### Work item:
Begin at the line below that has "Load image into". Stop after the line that has "Peaches in a", repeating each line exactly and leaving out the pictures.

Segment Start: Records

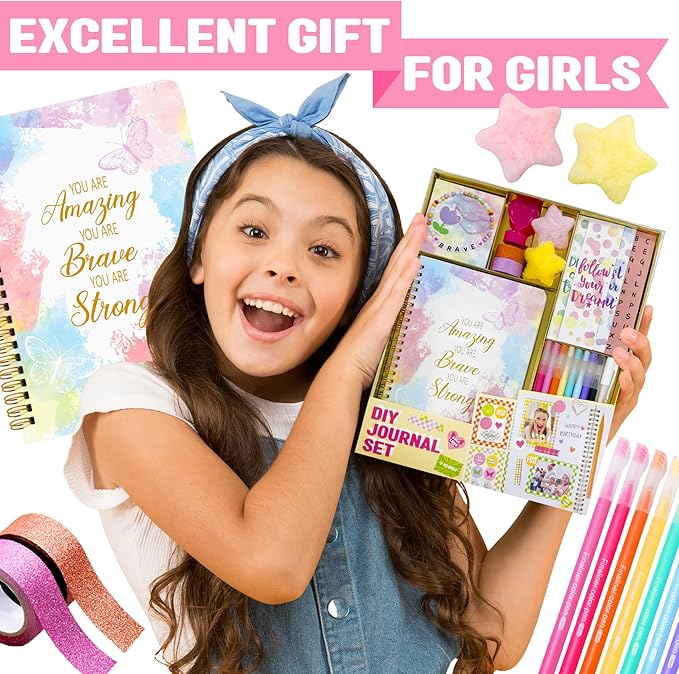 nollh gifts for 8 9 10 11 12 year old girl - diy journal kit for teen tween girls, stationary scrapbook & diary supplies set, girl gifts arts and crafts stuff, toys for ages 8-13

Segment End: Records
Segment Start: Records

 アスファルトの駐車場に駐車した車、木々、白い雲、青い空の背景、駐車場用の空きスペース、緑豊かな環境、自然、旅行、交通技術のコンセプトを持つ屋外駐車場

Segment End: Records
Segment Start: Records

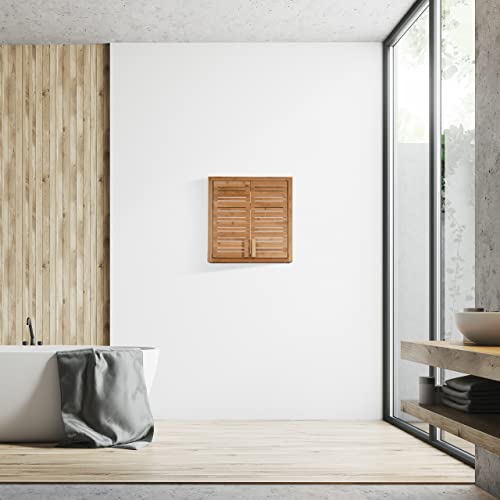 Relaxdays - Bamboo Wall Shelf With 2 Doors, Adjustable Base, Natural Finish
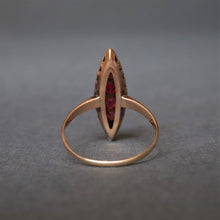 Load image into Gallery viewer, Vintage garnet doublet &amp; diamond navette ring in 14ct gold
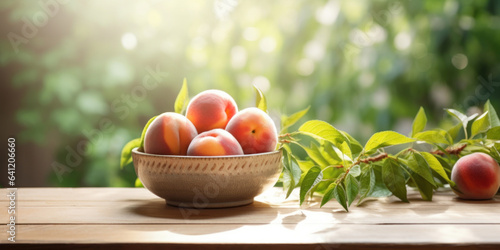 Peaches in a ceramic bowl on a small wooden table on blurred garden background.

Segment End: Records

### Response for this exercise:
 Load image into Gallery viewer, Vintage garnet doublet &amp; diamond navette ring in 14ct gold
 Peaches in a ceramic bowl on a small wooden table on blurred garden background.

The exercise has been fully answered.